The Declarative/Procedural model posits that the lexicon/grammar distinction in language is tied to the distinction between two fundamental brain memory systems, each underlying particular non-language functions (1). On this view, the memorization and use of words - at least those with non-compositional (arbitrary) sound-meaning pairings - depends upon an associative memory of distributed representations that is subserved by temporal-lobe circuits previously implicated in the learning and use of fact and event knowledge. This system appears to be specialized for learning arbitrarily-related information (i.e., for associative binding). In contrast, the acquisition and use of grammatical rules that underlie the symbolic manipulation of linguistic forms is subserved by frontal/basal-ganglia circuits previously implicated in the implicit (non-conscious) learning and expression of motor and cognitive "skills" and "habits" (e.g., from simple motor acts to skilled game playing). This system may be specialized for sequences, and appears to be largely informationally encapsulated (see 2, 3).

This novel view of lexicon and grammar offers an alternative to the two main competing theoretical frameworks. Although it shares the perspective of traditional Dual-System theories in positing that the mental lexicon and a symbol-manipulating mental grammar may be subserved by distinct posterior and anterior brain regions, respectively, it diverges from these theories where they assume components dedicated (domain-specific) to each of the two language capacities, and in their assumption that lexical memory is a rote list of items (see 4, 5, 6).
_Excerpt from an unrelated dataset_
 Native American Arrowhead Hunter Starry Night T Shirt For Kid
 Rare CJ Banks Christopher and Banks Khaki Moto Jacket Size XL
Conversely, while it shares with Single-System theories the perspective that the two capacities are subserved by domain-general circuitry, it diverges from them where they link both capacities to a single associative memory system with broad anatomic distribution (see 7, 8, 9).
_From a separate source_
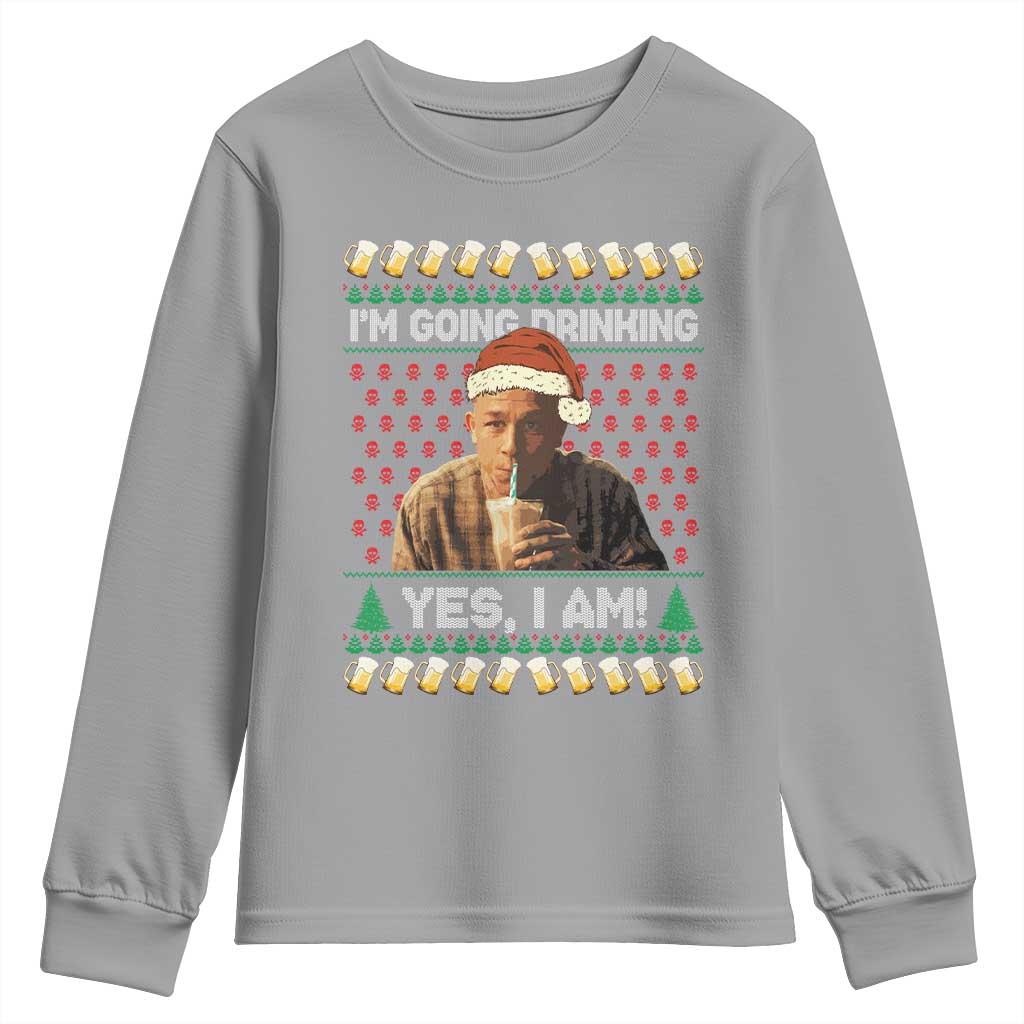 Funny Ed Gein Drinking Wine Youth Sweatshirt Im Going Drinking Yes I Am Christmas Meme - Wonder Print Shop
The Declarative/Procedural model, but neither traditional Dual-System nor Single-System models, predicts double dissociations between lexicon and grammar, with associations among associative memory properties, memorized words and facts, and temporal-lobe structures, and among symbol-manipulation properties, grammatical rule-products, motor skills, and frontal/basal-ganglia structures.

In order to contrast lexicon and grammar while holding other factors constant, my colleagues and I have focused our studies on morphologically complex word forms. We have contrasted morphophonological transformations that are (largely) unproductive (e.g., in go-went, solemn-solemnity), and which therefore must depend upon memory, with those that are fully productive (e.g., in walk-walked, happy-happiness), and which therefore may be computed by grammatical rules.

Evidence will be presented from morphological contrasts in several languages, including English, German, Italian, and Japanese, from studies that use a range of psycholinguistic and neurolinguistic approaches with children and adults: the examination of frequency, neighborhood, and priming effects; the behavioral testing of patients with developmental, acquired, and neurodegenerative disorders, including Specific Language Impairment, Williams syndrome, aphasia, and Alzheimer's, Parkinson's, and Huntington's diseases; and neuroimaging, using fMRI, EEG/ERPs, and MEG. It will be argued that converging evidence from these studies supports the Declarative/Procedural model of lexicon and grammar.